This morning’s conductor of Anton Bruckner’s “Symphony of Pauses” (Symphony No. 2 in C Minor, WAB 102) is Eugen Jochum (1902-1987).
I first encountered Mr. Jochum on Day 6 of my 144-day journey.
I first listened to his conducting of the Berliner Philharmoniker orchestra (what I’m hearing right now) on Day 6, which was October 8th for all of you keeping score.

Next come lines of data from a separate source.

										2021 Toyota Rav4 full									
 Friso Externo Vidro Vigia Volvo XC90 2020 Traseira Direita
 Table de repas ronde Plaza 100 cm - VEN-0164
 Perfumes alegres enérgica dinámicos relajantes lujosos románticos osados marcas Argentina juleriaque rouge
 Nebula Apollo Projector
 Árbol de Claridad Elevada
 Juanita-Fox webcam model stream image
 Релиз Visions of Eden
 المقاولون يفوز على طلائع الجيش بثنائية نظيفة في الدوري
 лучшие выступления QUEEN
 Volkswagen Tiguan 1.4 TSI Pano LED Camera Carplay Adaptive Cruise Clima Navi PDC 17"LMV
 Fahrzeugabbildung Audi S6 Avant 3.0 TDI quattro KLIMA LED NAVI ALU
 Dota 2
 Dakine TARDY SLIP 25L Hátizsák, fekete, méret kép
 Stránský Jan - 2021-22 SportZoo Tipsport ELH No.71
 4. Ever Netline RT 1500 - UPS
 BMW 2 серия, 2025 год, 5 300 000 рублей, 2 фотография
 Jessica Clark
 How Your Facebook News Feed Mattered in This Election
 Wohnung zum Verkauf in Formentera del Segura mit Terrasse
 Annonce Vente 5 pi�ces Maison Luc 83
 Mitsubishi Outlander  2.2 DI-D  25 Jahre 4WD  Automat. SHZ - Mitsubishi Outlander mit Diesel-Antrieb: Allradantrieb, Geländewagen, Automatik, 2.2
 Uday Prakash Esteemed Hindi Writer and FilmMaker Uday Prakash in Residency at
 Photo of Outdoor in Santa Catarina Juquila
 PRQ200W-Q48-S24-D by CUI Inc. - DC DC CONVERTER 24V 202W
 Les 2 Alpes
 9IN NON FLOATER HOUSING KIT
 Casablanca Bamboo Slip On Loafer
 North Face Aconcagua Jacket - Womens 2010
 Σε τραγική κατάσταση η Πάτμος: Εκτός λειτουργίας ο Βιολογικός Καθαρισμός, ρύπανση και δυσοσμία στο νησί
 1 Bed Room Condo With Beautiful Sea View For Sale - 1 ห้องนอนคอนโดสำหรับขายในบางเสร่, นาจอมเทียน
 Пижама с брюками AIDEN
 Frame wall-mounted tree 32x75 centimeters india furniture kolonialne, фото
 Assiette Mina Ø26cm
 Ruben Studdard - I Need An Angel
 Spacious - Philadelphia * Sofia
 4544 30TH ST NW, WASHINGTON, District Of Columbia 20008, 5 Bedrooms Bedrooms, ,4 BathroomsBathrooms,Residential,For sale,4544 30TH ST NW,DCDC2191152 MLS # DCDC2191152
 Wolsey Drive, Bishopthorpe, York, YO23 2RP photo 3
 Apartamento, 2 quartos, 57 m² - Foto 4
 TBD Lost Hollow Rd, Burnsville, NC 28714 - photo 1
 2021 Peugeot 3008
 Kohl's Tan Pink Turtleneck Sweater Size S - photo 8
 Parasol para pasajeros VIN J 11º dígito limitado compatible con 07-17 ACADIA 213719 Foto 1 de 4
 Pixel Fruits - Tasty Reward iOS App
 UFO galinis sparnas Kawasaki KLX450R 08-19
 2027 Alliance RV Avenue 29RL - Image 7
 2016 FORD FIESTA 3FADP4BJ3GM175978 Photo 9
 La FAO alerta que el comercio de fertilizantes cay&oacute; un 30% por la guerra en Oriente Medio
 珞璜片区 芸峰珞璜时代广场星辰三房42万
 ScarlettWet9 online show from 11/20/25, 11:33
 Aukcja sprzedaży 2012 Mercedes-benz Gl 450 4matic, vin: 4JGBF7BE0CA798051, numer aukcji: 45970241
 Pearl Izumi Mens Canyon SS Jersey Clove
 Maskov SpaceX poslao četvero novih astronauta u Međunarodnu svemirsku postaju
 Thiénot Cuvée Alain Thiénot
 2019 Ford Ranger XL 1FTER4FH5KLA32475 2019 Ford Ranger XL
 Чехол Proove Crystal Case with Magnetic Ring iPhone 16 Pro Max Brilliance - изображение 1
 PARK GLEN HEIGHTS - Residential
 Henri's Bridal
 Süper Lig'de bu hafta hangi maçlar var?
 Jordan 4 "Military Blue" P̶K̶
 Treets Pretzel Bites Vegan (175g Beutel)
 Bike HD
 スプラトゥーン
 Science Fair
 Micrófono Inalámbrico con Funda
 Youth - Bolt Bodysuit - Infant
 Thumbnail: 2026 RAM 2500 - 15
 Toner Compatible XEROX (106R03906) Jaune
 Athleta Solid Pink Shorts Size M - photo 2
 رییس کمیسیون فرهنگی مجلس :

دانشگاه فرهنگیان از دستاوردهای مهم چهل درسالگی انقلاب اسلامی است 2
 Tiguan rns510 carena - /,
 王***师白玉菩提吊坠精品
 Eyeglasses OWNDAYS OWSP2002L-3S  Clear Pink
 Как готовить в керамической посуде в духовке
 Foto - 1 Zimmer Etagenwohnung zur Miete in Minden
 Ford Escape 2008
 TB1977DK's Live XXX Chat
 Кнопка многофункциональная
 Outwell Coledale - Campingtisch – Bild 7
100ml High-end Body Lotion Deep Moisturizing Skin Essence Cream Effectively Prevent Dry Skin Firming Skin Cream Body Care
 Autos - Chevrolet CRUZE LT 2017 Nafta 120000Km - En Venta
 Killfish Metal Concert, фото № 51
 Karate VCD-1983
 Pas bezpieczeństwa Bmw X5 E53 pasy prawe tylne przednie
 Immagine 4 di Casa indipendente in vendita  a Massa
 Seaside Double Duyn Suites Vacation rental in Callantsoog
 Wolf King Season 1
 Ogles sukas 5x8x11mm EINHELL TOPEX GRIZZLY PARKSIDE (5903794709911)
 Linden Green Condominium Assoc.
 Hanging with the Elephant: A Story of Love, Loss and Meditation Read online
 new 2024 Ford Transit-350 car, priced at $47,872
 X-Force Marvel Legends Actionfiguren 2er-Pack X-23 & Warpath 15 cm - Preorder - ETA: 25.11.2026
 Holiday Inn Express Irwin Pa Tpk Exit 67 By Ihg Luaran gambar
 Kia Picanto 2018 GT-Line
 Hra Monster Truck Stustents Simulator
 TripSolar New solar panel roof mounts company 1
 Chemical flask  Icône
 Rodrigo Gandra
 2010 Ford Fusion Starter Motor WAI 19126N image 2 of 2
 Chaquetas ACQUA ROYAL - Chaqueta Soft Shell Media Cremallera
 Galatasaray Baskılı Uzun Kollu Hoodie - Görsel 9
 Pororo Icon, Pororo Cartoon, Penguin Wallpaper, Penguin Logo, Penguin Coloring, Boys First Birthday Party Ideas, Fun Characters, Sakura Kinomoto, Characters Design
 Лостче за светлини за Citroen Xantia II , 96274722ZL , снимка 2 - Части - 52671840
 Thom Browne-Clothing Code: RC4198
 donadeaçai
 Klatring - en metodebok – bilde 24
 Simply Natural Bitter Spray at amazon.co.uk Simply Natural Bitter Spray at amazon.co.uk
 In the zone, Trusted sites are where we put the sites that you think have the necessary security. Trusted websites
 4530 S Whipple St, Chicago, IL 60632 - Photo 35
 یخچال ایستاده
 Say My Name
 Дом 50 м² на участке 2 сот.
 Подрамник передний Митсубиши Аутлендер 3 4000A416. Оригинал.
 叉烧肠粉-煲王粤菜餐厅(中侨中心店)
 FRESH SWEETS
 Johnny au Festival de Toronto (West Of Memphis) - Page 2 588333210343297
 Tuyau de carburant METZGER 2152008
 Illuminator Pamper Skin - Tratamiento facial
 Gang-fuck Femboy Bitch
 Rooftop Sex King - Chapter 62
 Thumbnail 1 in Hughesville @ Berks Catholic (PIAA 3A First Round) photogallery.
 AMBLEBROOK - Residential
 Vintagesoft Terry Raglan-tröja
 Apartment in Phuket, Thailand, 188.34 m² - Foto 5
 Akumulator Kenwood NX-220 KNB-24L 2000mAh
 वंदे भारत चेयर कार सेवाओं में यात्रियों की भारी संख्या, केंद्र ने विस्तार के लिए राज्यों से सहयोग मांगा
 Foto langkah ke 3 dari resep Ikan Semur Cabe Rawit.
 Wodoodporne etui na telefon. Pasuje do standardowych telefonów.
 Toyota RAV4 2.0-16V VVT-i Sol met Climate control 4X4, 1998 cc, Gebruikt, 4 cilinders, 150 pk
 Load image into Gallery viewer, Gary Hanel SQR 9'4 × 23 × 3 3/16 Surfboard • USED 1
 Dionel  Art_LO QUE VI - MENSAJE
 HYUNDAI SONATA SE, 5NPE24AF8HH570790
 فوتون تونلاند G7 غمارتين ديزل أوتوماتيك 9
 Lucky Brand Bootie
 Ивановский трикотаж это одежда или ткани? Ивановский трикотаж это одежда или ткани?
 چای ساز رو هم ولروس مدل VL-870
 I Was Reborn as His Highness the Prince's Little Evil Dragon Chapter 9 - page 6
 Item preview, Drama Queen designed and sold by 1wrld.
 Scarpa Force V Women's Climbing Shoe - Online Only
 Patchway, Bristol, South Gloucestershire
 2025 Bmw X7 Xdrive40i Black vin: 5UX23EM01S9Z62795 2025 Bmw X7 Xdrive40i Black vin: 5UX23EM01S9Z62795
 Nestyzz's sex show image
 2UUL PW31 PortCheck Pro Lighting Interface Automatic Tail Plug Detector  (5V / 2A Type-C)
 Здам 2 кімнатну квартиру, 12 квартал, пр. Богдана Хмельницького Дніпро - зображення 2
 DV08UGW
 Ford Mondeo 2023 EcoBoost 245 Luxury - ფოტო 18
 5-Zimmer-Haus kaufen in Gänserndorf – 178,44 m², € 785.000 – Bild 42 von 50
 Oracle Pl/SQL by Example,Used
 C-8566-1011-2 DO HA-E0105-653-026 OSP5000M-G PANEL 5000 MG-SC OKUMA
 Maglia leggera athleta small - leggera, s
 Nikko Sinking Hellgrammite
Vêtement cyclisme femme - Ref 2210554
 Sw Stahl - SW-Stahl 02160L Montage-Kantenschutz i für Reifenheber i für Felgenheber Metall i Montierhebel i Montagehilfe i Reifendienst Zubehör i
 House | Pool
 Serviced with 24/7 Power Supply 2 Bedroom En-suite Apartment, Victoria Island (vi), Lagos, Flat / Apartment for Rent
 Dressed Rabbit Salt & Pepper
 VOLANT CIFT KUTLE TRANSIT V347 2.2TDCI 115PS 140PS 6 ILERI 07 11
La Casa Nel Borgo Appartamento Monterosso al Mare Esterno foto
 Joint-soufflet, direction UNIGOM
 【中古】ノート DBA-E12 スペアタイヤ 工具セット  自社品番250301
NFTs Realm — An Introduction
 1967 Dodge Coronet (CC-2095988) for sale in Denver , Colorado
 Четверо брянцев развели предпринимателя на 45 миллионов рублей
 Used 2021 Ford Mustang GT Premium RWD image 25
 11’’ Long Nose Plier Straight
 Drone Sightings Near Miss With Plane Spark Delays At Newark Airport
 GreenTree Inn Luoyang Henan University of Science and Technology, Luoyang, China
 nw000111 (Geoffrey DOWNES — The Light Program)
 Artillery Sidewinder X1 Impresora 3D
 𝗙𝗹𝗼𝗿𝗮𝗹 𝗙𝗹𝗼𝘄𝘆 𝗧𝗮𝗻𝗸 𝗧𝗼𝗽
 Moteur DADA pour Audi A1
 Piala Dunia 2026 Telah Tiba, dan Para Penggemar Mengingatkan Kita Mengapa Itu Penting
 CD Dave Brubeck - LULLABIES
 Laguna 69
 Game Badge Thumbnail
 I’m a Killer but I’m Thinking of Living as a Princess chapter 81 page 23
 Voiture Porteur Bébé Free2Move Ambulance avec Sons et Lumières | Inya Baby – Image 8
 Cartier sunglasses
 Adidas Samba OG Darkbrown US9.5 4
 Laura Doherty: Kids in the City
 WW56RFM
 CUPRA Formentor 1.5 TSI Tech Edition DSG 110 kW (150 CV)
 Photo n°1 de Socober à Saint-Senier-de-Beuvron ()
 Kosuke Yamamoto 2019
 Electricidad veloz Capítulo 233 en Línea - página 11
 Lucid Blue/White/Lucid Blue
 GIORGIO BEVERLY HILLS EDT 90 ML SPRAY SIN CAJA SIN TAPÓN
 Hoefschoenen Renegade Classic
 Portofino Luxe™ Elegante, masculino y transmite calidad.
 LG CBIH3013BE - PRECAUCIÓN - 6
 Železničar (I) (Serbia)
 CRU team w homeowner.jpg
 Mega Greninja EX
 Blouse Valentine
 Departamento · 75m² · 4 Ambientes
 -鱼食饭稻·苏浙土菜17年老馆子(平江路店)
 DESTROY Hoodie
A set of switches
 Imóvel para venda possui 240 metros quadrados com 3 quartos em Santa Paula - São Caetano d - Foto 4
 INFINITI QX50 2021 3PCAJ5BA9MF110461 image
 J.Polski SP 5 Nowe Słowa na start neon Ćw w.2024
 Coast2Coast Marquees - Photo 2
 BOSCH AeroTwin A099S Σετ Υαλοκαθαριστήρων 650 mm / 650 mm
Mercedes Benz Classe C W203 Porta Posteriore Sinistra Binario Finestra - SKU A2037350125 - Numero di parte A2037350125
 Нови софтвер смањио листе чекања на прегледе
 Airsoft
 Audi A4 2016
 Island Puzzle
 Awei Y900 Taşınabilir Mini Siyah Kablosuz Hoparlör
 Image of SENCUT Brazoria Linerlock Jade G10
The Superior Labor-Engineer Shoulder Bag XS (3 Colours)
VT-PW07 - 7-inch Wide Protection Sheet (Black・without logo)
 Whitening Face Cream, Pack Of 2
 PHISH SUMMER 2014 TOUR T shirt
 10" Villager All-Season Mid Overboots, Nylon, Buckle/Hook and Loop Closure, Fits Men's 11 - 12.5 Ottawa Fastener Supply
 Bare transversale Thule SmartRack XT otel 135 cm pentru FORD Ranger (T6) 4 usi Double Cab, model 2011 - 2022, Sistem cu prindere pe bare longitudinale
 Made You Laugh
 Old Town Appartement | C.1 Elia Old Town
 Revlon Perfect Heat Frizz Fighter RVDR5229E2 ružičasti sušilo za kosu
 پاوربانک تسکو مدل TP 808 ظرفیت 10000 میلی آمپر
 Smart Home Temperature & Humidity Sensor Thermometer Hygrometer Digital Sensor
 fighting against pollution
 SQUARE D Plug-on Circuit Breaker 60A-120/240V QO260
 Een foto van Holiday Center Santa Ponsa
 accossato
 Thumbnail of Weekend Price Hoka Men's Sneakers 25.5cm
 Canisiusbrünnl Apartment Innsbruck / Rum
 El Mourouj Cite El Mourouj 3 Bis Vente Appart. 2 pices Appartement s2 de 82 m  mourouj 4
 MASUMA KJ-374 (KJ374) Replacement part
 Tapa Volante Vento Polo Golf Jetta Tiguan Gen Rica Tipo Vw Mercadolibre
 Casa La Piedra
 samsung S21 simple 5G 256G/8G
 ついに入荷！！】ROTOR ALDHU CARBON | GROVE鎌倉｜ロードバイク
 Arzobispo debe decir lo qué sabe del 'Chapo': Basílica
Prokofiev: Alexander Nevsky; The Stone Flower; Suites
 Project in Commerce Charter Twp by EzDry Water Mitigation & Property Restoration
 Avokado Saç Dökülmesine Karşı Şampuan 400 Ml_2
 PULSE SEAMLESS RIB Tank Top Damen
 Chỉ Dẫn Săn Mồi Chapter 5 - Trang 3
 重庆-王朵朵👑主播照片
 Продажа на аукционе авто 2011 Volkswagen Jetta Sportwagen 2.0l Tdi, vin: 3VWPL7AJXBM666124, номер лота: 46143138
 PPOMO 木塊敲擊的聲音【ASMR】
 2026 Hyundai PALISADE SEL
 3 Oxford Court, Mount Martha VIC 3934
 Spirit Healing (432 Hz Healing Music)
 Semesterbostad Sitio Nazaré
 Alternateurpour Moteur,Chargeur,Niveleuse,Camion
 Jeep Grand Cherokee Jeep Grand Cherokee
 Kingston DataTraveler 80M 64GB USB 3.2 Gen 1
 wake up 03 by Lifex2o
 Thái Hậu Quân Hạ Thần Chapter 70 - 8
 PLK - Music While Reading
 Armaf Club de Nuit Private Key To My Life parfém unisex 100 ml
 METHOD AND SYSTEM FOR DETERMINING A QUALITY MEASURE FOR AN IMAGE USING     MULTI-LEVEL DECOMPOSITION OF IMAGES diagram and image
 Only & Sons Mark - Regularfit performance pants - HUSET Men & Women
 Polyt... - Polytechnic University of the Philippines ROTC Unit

Here are the objective aspects of today’s listening fare:
Bruckner’s Symphony No. 2 in C Minor, composed in 1872
Eugen Jochum conducts
Berliner Philharmoniker plays
The version used is the 1875/76 version, edited by Leopold Nowak
The symphony clocks in at 51.16
This was recorded in 1966, Munchen Herkules-Saal, Germany
Jochum was 64 when he conducted it
Bruckner was 48 when he composed it
It was released on the Deutsche Grammophon (DG) Record Label
Bruckner wrote his symphonies in four parts. The time breakdown of this one (Symphony No. 2 in C Minor, 1875-76 Nowak Edition), from this particular conductor (Jochum) and this particular orchestra (Berliner Philharmoniker) is as follows:
Okay. Now for the subjective aspects to this morning’s listening:
Recording quality: 5 (slight tape hiss, some ambient movements)
Overall musicianship: 5
CD liner notes: 5 (the best of all the box sets I have – extensive essay from Jochum)
How does this make me feel: 5
This, to me, is how Bruckner’s Symphony No. 2 in C Minor ought to sound. It’s a big, clear, warm, powerful recording that stirs me to the soul.
Even the seemingly slightly slowed pizzicato and French horn melody in Movement II (Andante) cannot detract from the swelling beauty that the melody becomes when it’s taken up by the whole orchestra around the 7:00 mark.
It’s Movement II by which I judge a conductor/orchestra playing Bruckner’s Second Symphony. It was that for the First Symphony, too. But this time, even more so.
Overall, this DG box set of Jochum conducting the Berliner Philharmoniker is remarkable.
Let’s see if the quality remains for the next seven symphonies.